I felt a weird combination of relief and confusion. I could decipher from the blurry digits on the     clock that it was about 4:00 a.m. I had no idea what day, month, or year it was. I knew from the LVAD installation that some time must have passed, but how much? I must have woken up during a skeletal night shift with very few nurses in the hospital unit. I swung my head as far around as I could, only to see the outlines and lights of seventeen machines in the room, all helping to keep me alive. I immediately started to panic. I seemed to be more machine than human with all of the leads and tubes running in and out of my body. I was also intubated and unable to speak, which was terrifying. I could discern from the many machines attached to me that I was also in the Cardiac Intensive Care Unit, known as the CICU. This was where the gravely ill cardiac patients were sent by their teams. 

 

“Stay calm,” I told myself. Someone had to be around . . . somewhere. The heavy blackout curtains were drawn around my glass cube room, making me feel claustrophobic. After a long wait, the curtains were flung open by Patricia, my morning nurse, who was starting her shift.
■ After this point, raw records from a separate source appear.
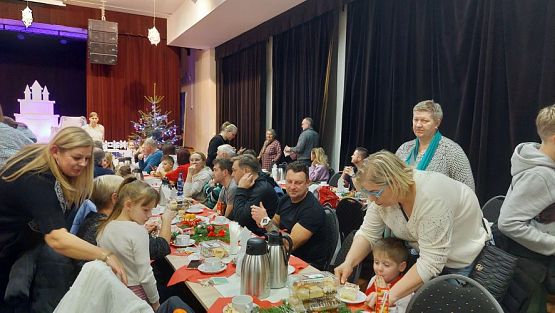 Grafika #45: 14.12.2023 Spotkanie wigilijne pt."W oczekiwaniu na święta" cz.II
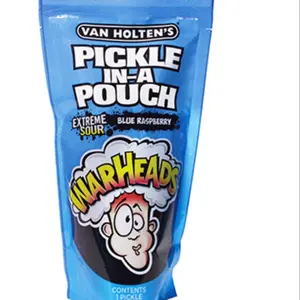 Van Holten’s Warheads Blue Raspberry Pickle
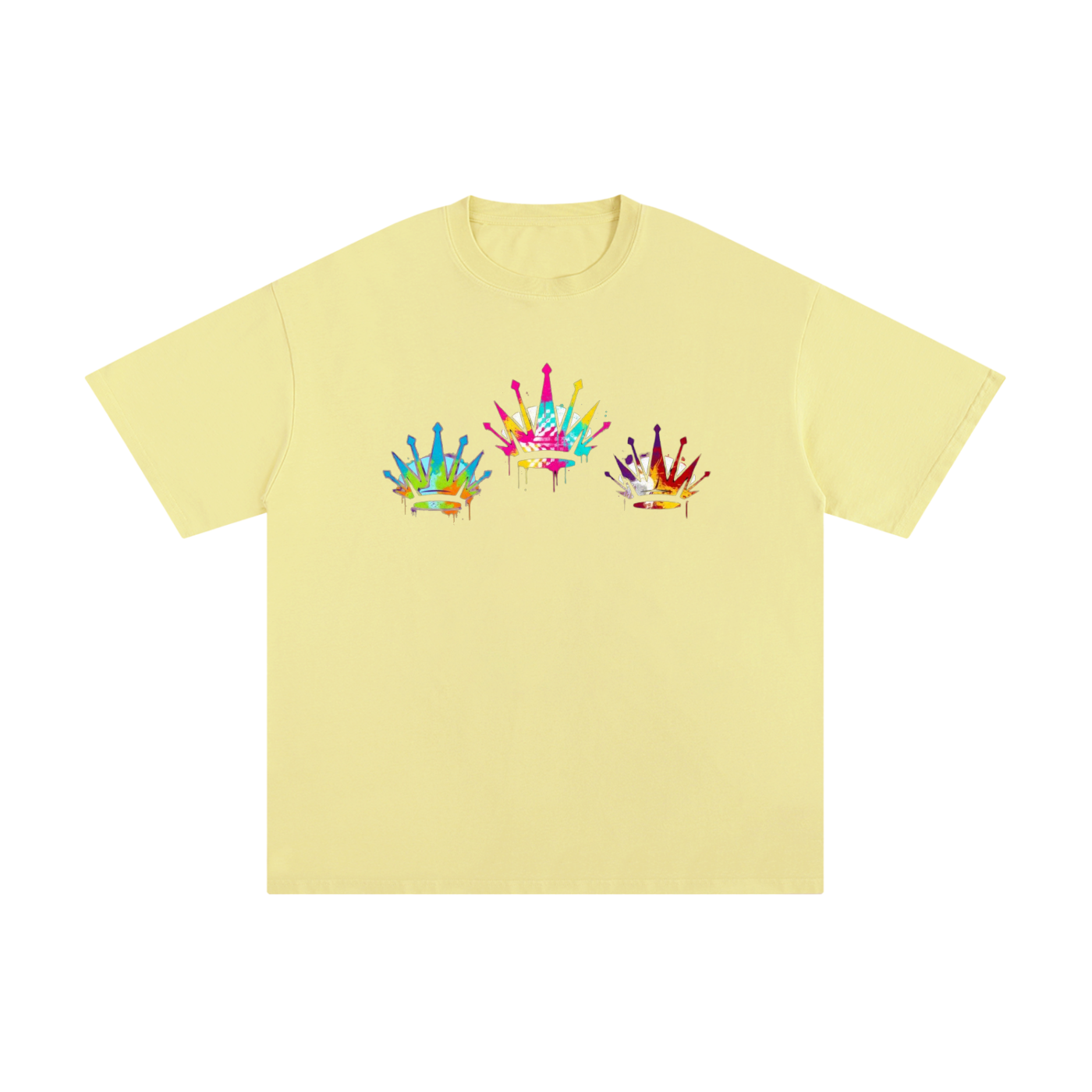 Unisex Pure Cotton T-Shirt Coronas C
She smiled sweetly, saying, “Oh, good. You are awake. We have been waiting for you to wake up.” I was confused and had no idea how I had arrived at my current state in the hospital bed. At that time, the CICU was located in the basement of the Scripps Green Hospital Facility, next to the morgue. It was not exactly a cheery place. I heard some orderlies joking to each other that it was “death’s waiting room.” 

 

Realizing that I could not speak, Patricia took my hand and spoke softly, “You are okay. You have been in a medically induced coma for over two months. During that time, we needed to perform emergency open heart surgery and save your life by installing the LVAD, which you have probably noticed is attached to your body.” I shuddered and pulled the sheets up around my neck. God only knew how close I had come to death. I was about to find out.

 

While I was very grateful and relieved to be alive, I thought of my family. How had my husband coped during my absence with our two young adult girls? How had they dealt with this horrible situation? My eldest, Claire, was a high school senior. My youngest, Annie, was now a high school freshman. It made me sad to think about missing the important events that were going on in their young lives. 

 

My next thought was my job. What had happened to it? Had someone finally disclosed how sick I had been while continuing to work? It gave me pause to consider that this had happened during my absence. I did not know that my husband had requested a one-year leave of absence after I fainted at the hospital. I was grateful he did this on my behalf. During my last days at my job, my ego kept me from seeking support even as I struggled to walk a few hundred feet from the parking lot to the elevator up to my office.

 

A few moments later, Nurse Patricia returned with my “breakfast.” It was a peach colored container of liquid protein that looked like cement. I watched in awe as she said, “Down the hatch” and poured it into my feeding tube. “Can you taste anything?” she asked. I shook my head “no.” The only sensation I felt was the cold sludge making its way down the feeding tube in the back of my throat. I had lost quite a bit of weight during my two-month nap. Thirty-four pounds to be exact. My body, which had always been very muscular, was now atrophied and weak. 

 

The LVAD was the third device to be surgically placed into my body after the AICD defibrillator and pacemaker. It cost over a million dollars to install. Now, my job of learning to live with it began. There would be no swimming in the near future. The eight pounds of life-saving state-of-the-art medical equipment that was now part of my body would require ongoing care. I had no idea at that time the battles that had taken place to get the LVAD device installed. I would have certainly died without it. 

 

The next lesson I learned as a transplant patient is: Your medical team must fight to save your life. Even with your insurance company. You do not have the luxury of time on your side.